The task —
In the copy, include no images. Reproduce the entries exactly.
= = =
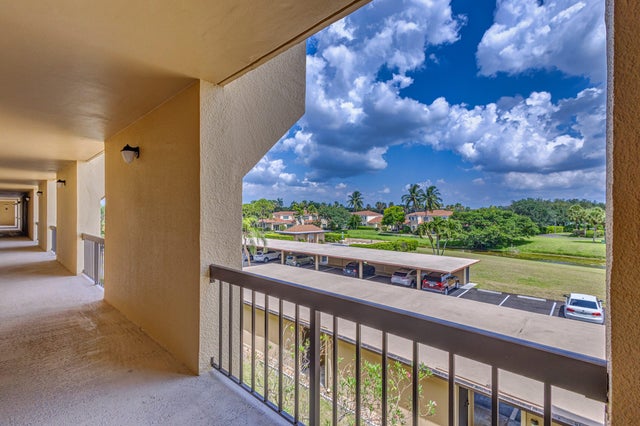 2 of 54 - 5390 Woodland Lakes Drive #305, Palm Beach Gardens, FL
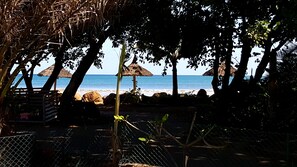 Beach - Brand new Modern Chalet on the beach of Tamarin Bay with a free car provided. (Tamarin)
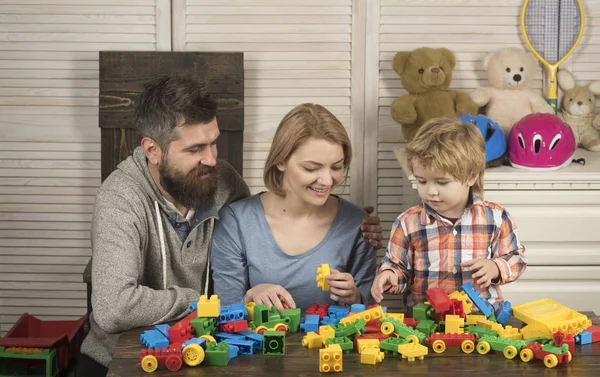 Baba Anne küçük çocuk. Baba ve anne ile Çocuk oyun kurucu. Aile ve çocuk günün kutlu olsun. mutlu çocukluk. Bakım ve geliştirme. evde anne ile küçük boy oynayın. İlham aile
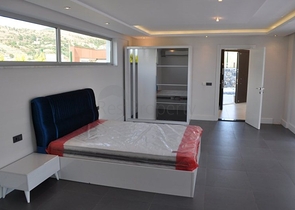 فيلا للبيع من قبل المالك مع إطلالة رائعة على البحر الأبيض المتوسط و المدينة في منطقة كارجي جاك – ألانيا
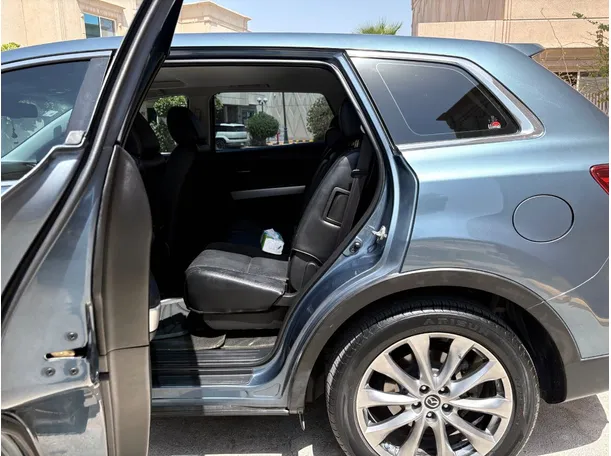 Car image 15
= = =
Exercise output —
 2 of 54 - 5390 Woodland Lakes Drive #305, Palm Beach Gardens, FL
 Beach - Brand new Modern Chalet on the beach of Tamarin Bay with a free car provided. (Tamarin)
 Baba Anne küçük çocuk. Baba ve anne ile Çocuk oyun kurucu. Aile ve çocuk günün kutlu olsun. mutlu çocukluk. Bakım ve geliştirme. evde anne ile küçük boy oynayın. İlham aile
 فيلا للبيع من قبل المالك مع إطلالة رائعة على البحر الأبيض المتوسط و المدينة في منطقة كارجي جاك – ألانيا
 Car image 15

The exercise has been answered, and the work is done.